Exercise:
In the entries below, which lines run from the one with "Lace Front Cabelo Humano Cacheada 70 cm" through the one with "Struttura d'acciaio di"? Repeat exactly those, both included, and no pictures.

Entries provided:
_ _ _

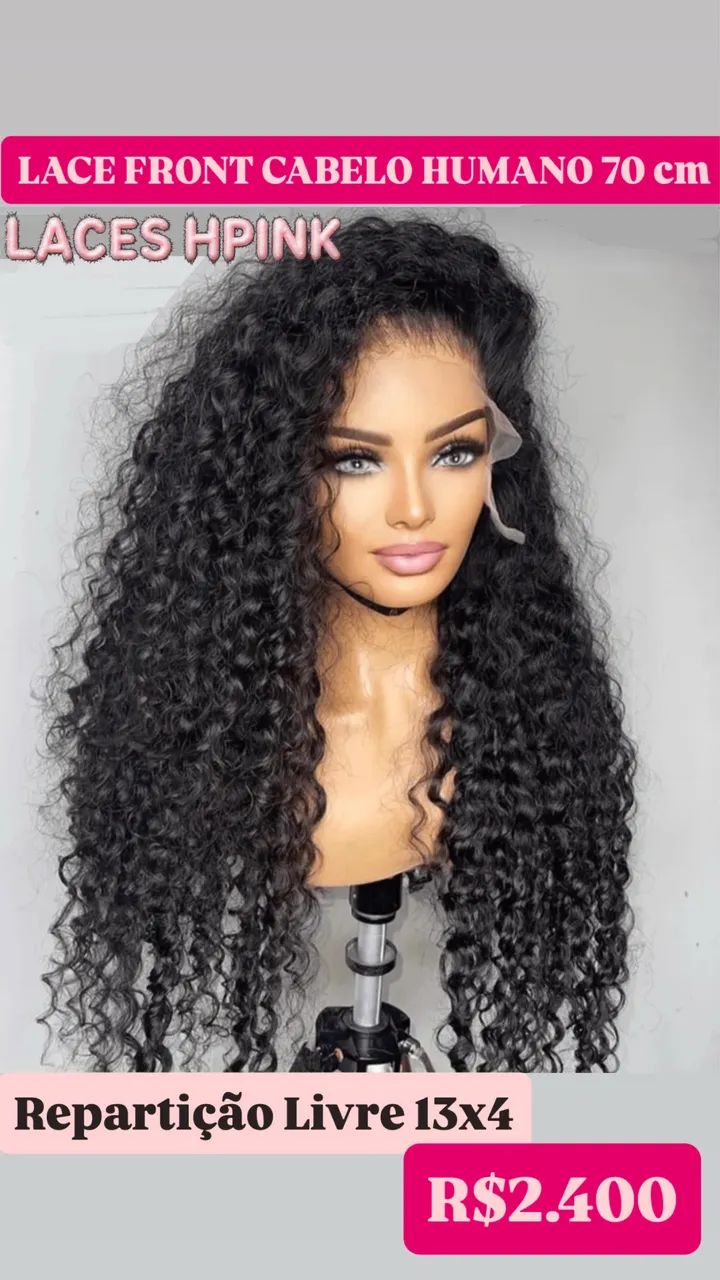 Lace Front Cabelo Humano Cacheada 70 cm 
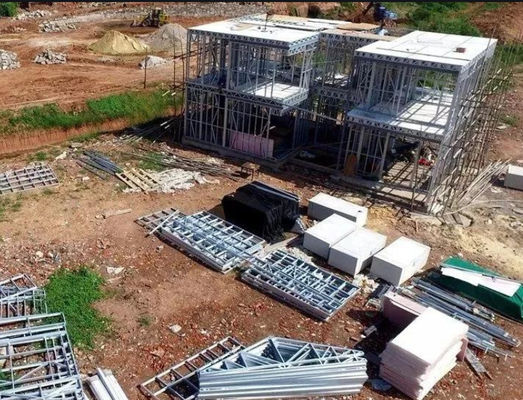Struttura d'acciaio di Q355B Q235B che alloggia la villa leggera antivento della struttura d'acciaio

_ _ _

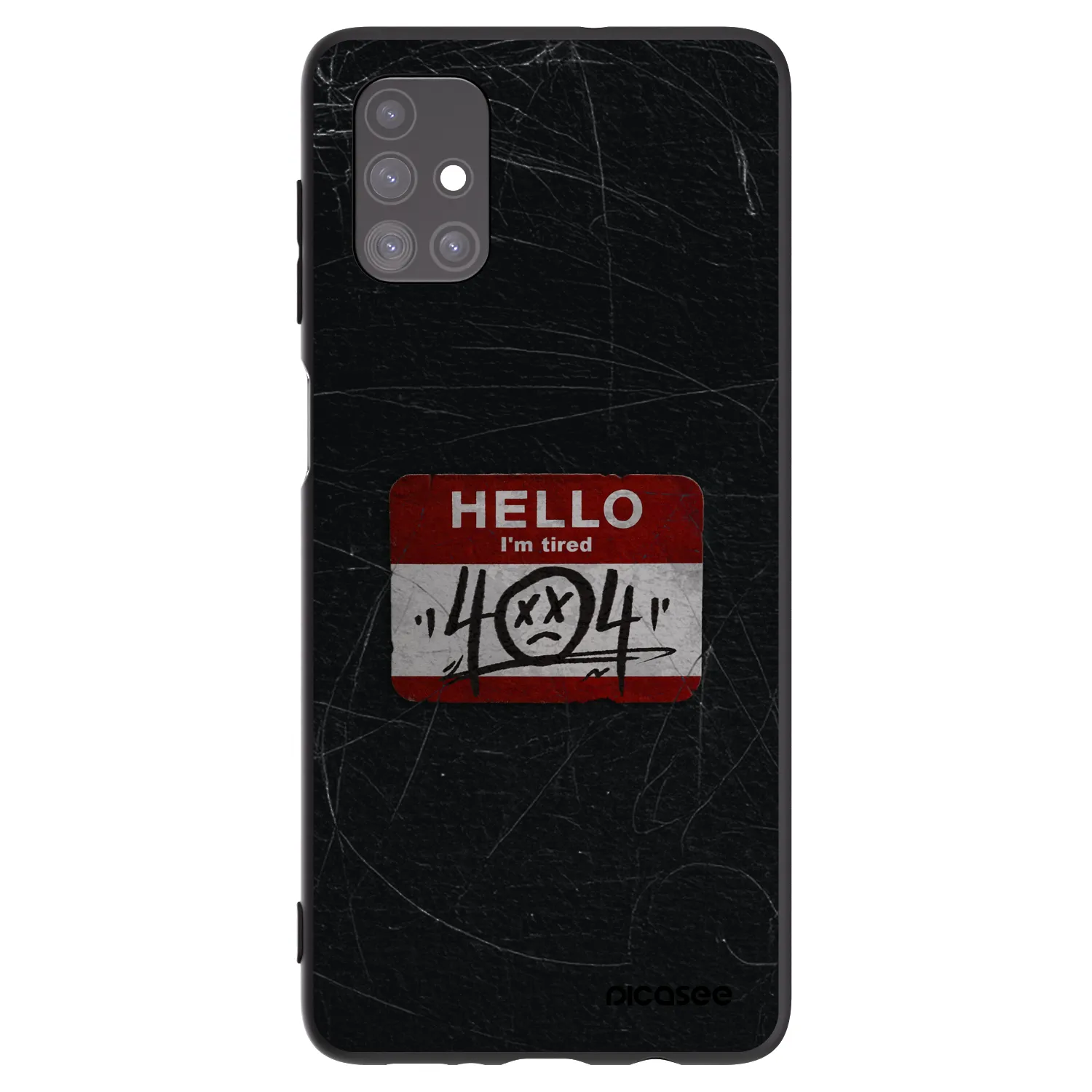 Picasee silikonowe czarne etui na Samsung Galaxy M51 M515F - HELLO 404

_ _ _

Result for this task:
 Lace Front Cabelo Humano Cacheada 70 cm 
Struttura d'acciaio di Q355B Q235B che alloggia la villa leggera antivento della struttura d'acciaio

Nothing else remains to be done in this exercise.